Methods Detailed observations were recorded of spray frequency and pesticide handling, dermal exposure, and the chemicals used. Symptoms of acute illness were reported by the farmers, and signs of poisoning were observed by the interviewers at the time of spraying or within a few hours after it.
Results The spray practices substantially exposed the farmers to pesticides. Signs and symptoms occurred significantly more often during spraying than during nonspraying seasons. Twenty-one percent of the spray operations resulted in three or more neurobehavioral, respiratory, and intestinal signs and clothes being wetted with the spray solutions were significantly and independently associated with the number of signs and symptoms. A dose-effect relationship was found between the neurobehavioral signs and symptoms and the use of multiple organophosphates.

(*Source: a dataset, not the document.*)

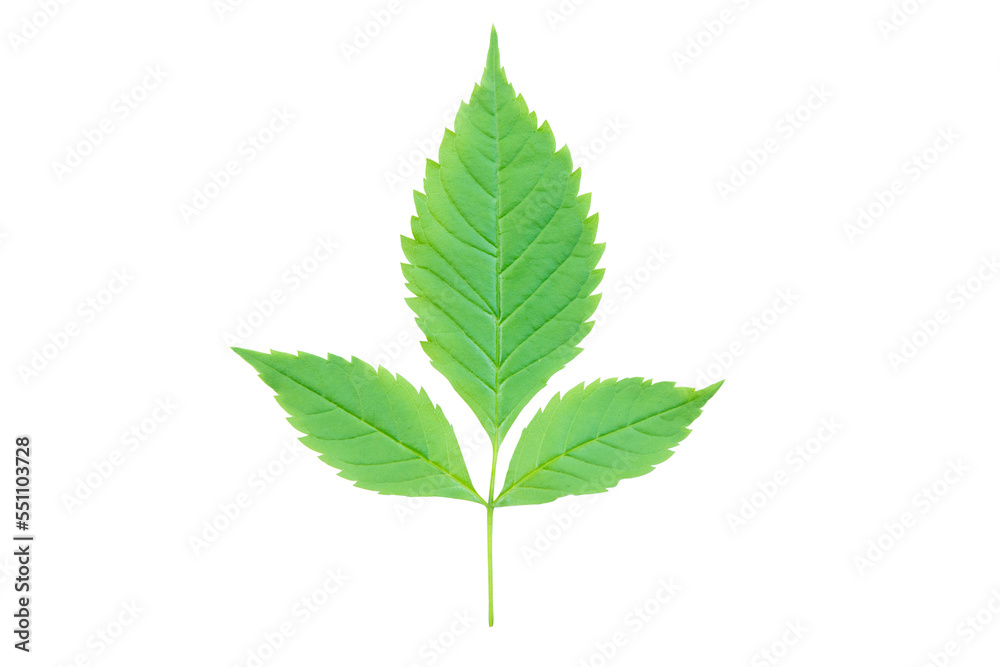 Green leaf Isolated on a white background. with clipping path Green leaf Isolated on a white background. with clipping path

Conclusion For farmers in the tropics, fully protective garb is too hot and too costly to maintain; farmers thus accept illness as a necessity. Integrated pest management has previously been demonstrated to reduce pesticide use with no loss of crop yield. The frequency of spraying should be reduced through widespread training in integrated pest management, and also the licensing and sale of the most hazardous pesticides should be regulated.